2024年08月13日 09時11分14秒 | 甲越軍記
 天文二十一年、景虎は二十三歳と相成った
昨年のことを思うに、ついに国内を平定し朝廷の公家衆、足利将軍家の覚えもめでたく、国内の諸将もみな景虎になびいた。
すべてはうまくいったと思われたが、人心は永遠不動ではない、景虎に真髄する将も多けれども、心から服従しているわけではない将も多い
越後は北西の羽前(山形)から南東の越中(富山)まで長く伸びていて今風に言えば凡そ300kmに渡る広大な国である
それゆえに府中がある上郡、栃尾、三条の中郡、阿賀野川以北の下郡では人の心、風俗、方言も異なり、特に新発田から北は揚北(あがきた)と呼ばれて独立独歩の将が少なくない。

人心測りがたく、今は服従しているが、誰ぞが反旗翻せば、それに同調する者も多い
そもそも越後の国人とは、それぞれに出自が違い、しかもそれぞれが祖先を誇りに思っている
それらの出自を申せば、右大将頼朝の家人として累代伝わる士、桓武の後胤、三浦、畠山、城の嫡流、宇多源氏の大江、中原の子孫、南家北家の藤原氏、為憲、秀郷の後胤、二階堂、工藤の類、または池大納言につながる者、新田義貞の士、また上杉憲顕のもとで武功を挙げた者共の家柄などなど、それぞれにわが家系を誇り、管領上杉家をこそをまことの主と思い、長尾家は上杉家に属し我らと同輩と侮る者も出て来た。
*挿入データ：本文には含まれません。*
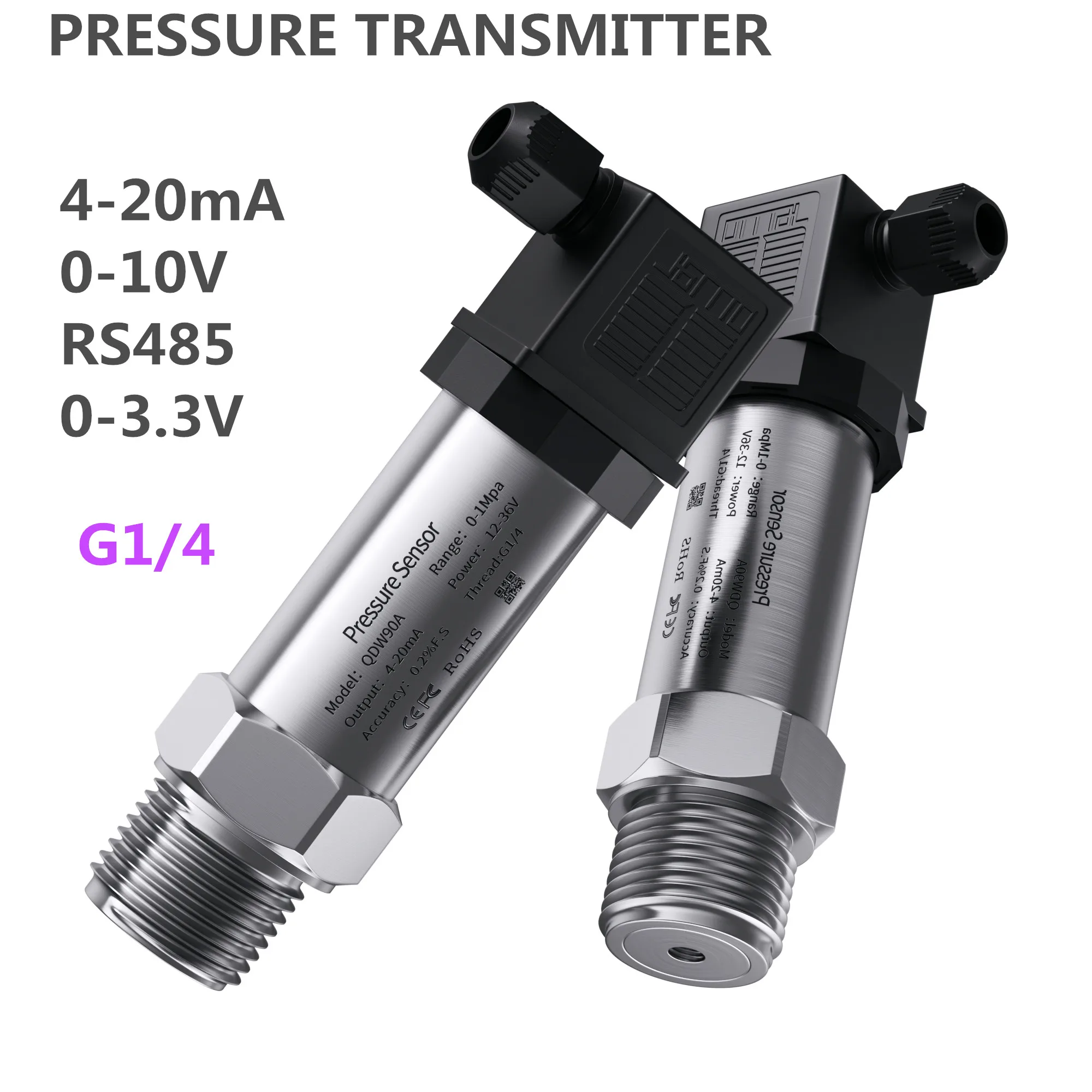 Pressure Transmitter 4 20ma 0-10V Water Gas Oil Liquid 1bar 10bar 600bar Pressure Sensor G1/4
(時代は16世紀半ば、まだ日本中に数千の大名、小領主らが独立独歩している時代である
ある程度有力な者が出てくると、淘汰が始まり敵対した者は滅ぼざれ、味方した者はその強者の家臣団に組み込まれていく
甲斐の武田家などはその典型で、すでに一国の王者となっており、そもそも武田家は守護の家なので甲斐の支配者になっても誰も威をとなえられない
しかし越後は違う、越後守護は上杉氏であり、上杉氏は関東一帯を支配する(はずだった)関東管領の一族で、景虎の家は守護を補佐する守護代の家であるから武田家よりワンランクも2ランクも家柄は低い
因みに織田信長の家は守護代の一族だが分家で、守護代の代官に過ぎない

ともあれ、当時の越後は広大でなかなか守護と言えども隅から隅まで支配できない、それゆえに小領主らは国法を無視して勝手に戦をして侵略したり、あるいは謀反を起して越後の主になろうとする者もいた
景虎の父、為景もまた守護を襲って殺している
しかしここに景虎が有力な領主を味方に反乱者を次々と成敗して、その強さを小領主たちに見せつけたため、みな景虎を恐れてその傘下に入った
これで治まるかと思ったが、それぞれが家柄を誇示して長尾家を侮り命令に従わない横着者があちこちに出てきたのだ
そもそも景虎の家臣などと思っていない、ただ景虎の味方として協力している程度の思いだ、同じ国主であっても武田晴信と長尾景虎では支配力がまるで違っていた)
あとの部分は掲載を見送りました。